**YOUR GOAL**:
From the listing below, output the lines between the one with "4boys absurdres black_hair" and the one with "sketch of a man looking at a watch vector", including those two, and nothing else. Pictures are not copied.

**AVAILABLE DATA**:
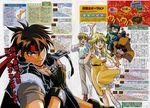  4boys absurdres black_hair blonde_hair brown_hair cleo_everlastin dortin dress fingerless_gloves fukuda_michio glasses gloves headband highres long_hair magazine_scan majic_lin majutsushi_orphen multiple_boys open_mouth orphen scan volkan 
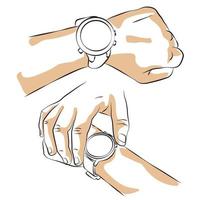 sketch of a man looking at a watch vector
--
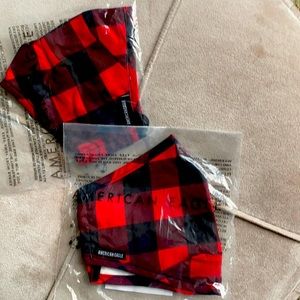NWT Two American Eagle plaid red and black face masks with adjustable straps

**RESPONSE TO THE TASK**:
  4boys absurdres black_hair blonde_hair brown_hair cleo_everlastin dortin dress fingerless_gloves fukuda_michio glasses gloves headband highres long_hair magazine_scan majic_lin majutsushi_orphen multiple_boys open_mouth orphen scan volkan 
 sketch of a man looking at a watch vector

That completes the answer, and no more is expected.